「野党は批判ばかり」という批判

マスコミや自民党が「野党は批判ばかり」と批判します。確かにそういう時もありますが、誤解に基づく場合も多いです。大雑把にいうと、「野党は批判ばかり」という批判は、9割がた無視してよいと思います(1割程度は真理があることもあります)。

私の9年数か月の「国会対策畑」の経験からいうと、野党が対案を出してもほとんど報道されません。よほどのことがない限り、野党の対案はよくてもベタ記事止まりです。ベタ記事でも報道されればマシな部類に入ります。

政治の世界では「報道されないことは、存在しないのと同じ」という法則が働きます。地道に対案を出しても、世間に知られることは少なく、「野党は批判ばかり」という常套句につながります。野党の対案の存在すら知らない人が大半でしょう。知らないので「野党は批判ばかり」という批判を鵜呑みにしてしまいがちです。

重要法案の対案であれば、マスコミも多少は報道してくれます。しかし、「対案主義」の怖いところは、対案を出すと審議入りを拒むことが難しくなります。いまの国会では衆参ともに与党が3分の2の議席を有しており、国会で審議に入れば確実に可決に持ち込めます。対案を出して、次から次に法案審議に応じていたら、次から次に法案が可決成立します。

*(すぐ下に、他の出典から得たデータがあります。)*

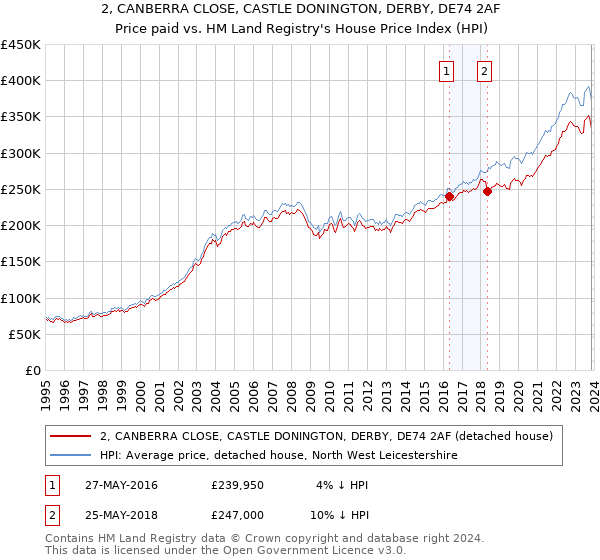 2, CANBERRA CLOSE, CASTLE DONINGTON, DERBY, DE74 2AF: Price paid vs HM Land Registry's House Price Index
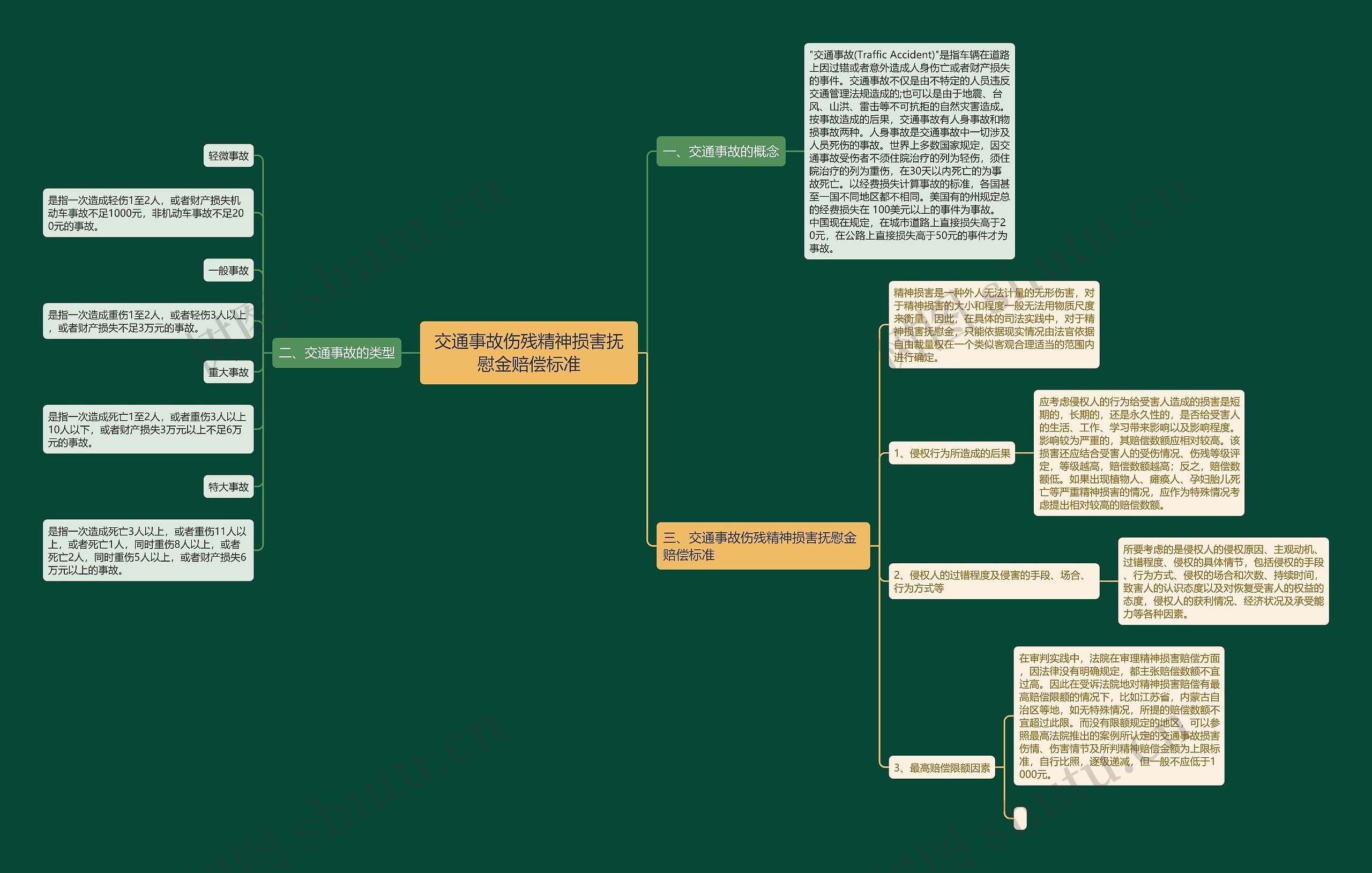 交通事故伤残精神损害抚慰金赔偿标准 交通事故伤残精神损害抚慰金赔偿标准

そもそも問題のある法案であれば、ノーというだけでも「対案」といえます。たとえば、憲法違反の安保法制に関し、無理して対案を用意する必要などありません。「対案主義」で無理して法律案をつくろうとしたら、相手の土俵に載せられるだけです。相手の土俵にかんたんに載らず、時間稼ぎで審議未了廃案に持ち込むというのは、野党の数少ない抵抗手段のひとつです。

また、野党が批判しなかったら、いったい誰が批判するのでしょう。大手新聞の一部は大本営発表のような提灯記事ばかり書いています。民進党の悪口は喜々として書き立てるくせに、政権与党の失敗はスルーするようなメディアもあります。野党もマスコミも健全な批判的精神をもって政権与党を監視し、問題点を指摘し批判することは健全だと思います。

私の言葉では説得力がないので、気鋭の政治学者の待鳥聡史氏の文章から引用すると;

“対案”提示は政策路線の宣伝以外に効力なし

野党にはしばしば、対案を提示すべきだという批判が向けられる。だが、政策決定が単独政権タイプである以上、対案の提示は野党、とりわけ民主党のような大きな野党にとっては、自らの政策路線の宣伝以外の効果はなく、多くの個別法案において無益である。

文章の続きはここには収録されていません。